O chamado Requiem Alemão composto por Johannes Brahms (1.833/1.897) foi iniciado em 1.861; ora abandonado, ora retomado, ganhou impulso decisivo em 1.866 com o falecimento de sua mãe. Ainda assim foi 1.869 o ano da estreia. A obra nega todo o explicado acerca dos componentes litúrgicos, pois formam seu texto excertos colhidos na Bíblia luterana. O escopo é levar à aceitação tranqüila da Morte. Convoca ao abandono decisivo de uma vida material repleta de mesquinharia e a enfrentar com paciência a passagem para uma vida futura de plenitude e verdade, transição facilitada se o homem entender que a Eternidade não está aqui e deixar de agir como imortal. São eloqüentes os coros da segunda e da sexta parte, este de pompa vigorosa admoestando a encarar a Morte como mera passagem para outro caminho.

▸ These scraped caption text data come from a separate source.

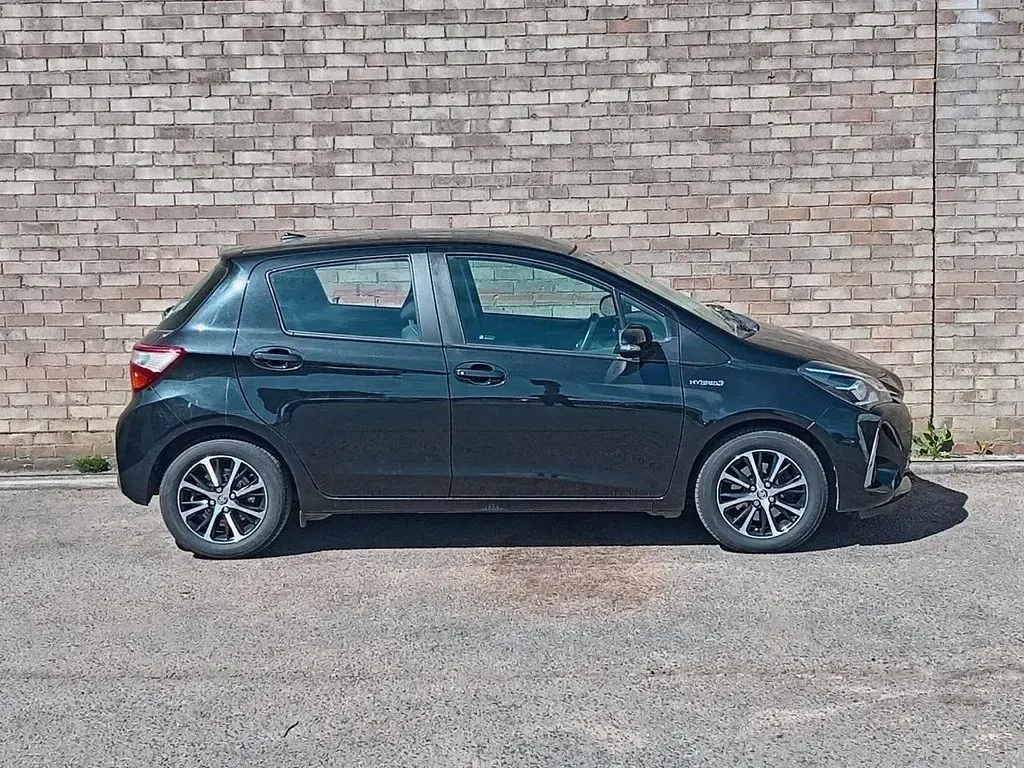 Used Toyota Yaris Hybrid 100 HP (73 kW) 2019 Black Hatchback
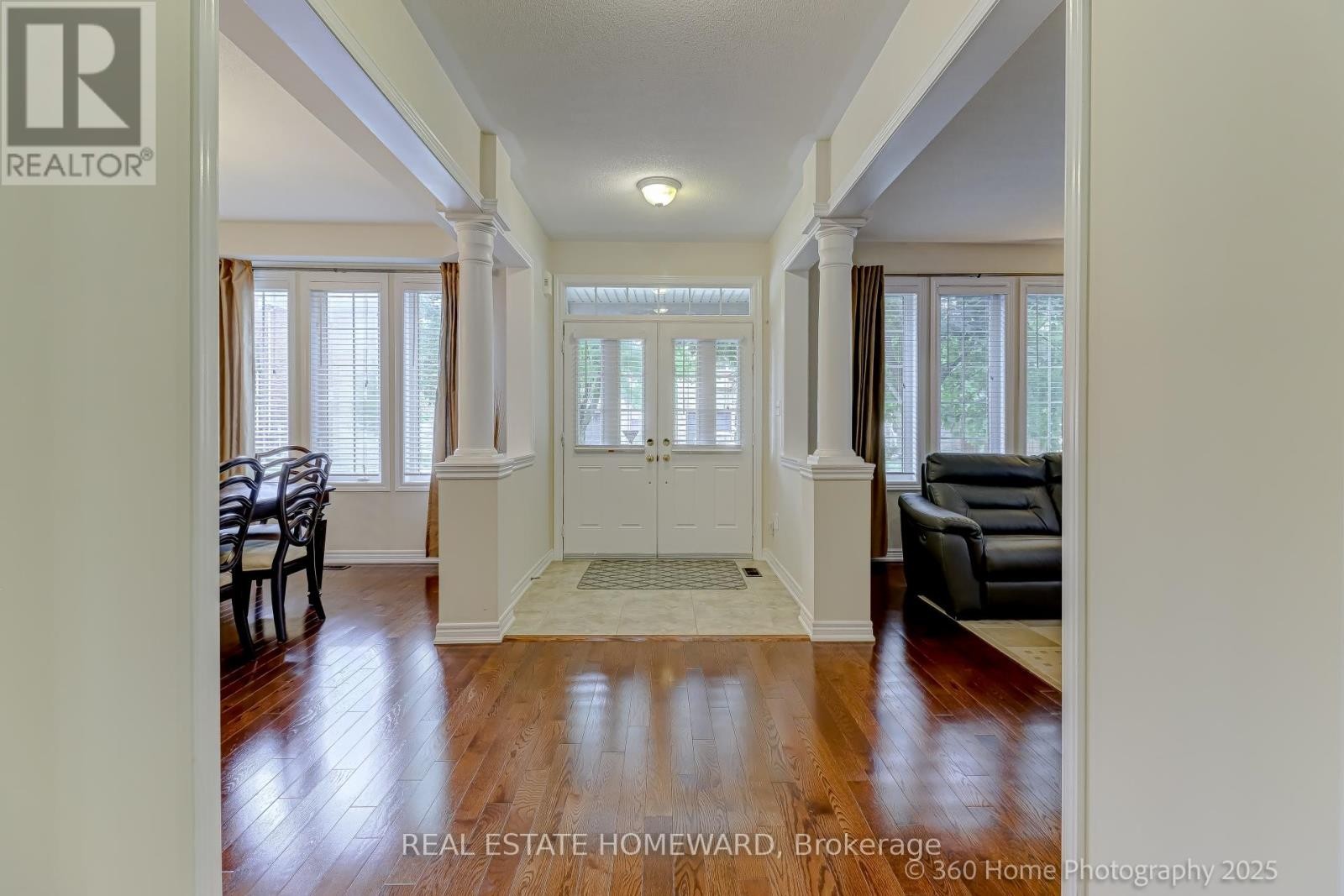 












9 TARMACK DRIVE

,
Richmond Hill (Jefferson),




Ontario
L4E0E6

O Requiem de Gabriel Fauré (1.845/1.924) estreado em 1.900 é a versão de orquestração ampliada do composto em 1.887 por ocasião da morte de seus pais. A crítica musical apelidou-o "canção de ninar da morte" por não haver expressão de imagens terrificantes. Gracejando, acertou o intento do músico. Ele eliminou o Dies Irae e incluiu súplicas como Pie Jesu e In Paradisum para melhor transmitir as ideias de libertação e de confiança da boa acolhida n'um lugar melhor. Fauré consegue mostrar-nos nesta serena versão a beleza austera da morte. Sua pacatez irmana-o ao de Charles Camille Saint-Saëns (1.835/1.921, abaixo), marcados ambos pelo emprego destacado do órgão.

Talvez surpreenda o facto de Andrew Lloyd Webber (1.948), tão conhecido por seus musicais, ter sido autor de um Requiem. No verão de 1.984 veio a público a obra elaborada por dois motivos: a morte de seu pai em 1.982 e uma história cambojana sobre um menino que deveria escolher entre sua morte e a da irmã mutilada. Sendo três as pessoas homenageadas, três as vozes: tenor, soprano e sopranino - voz infantil de um garoto. Foi inspirado na teatralidade do Requiem de Verdi. Aproxima-se de um oratório e as homenagens não conferem destinação a um funeral específico.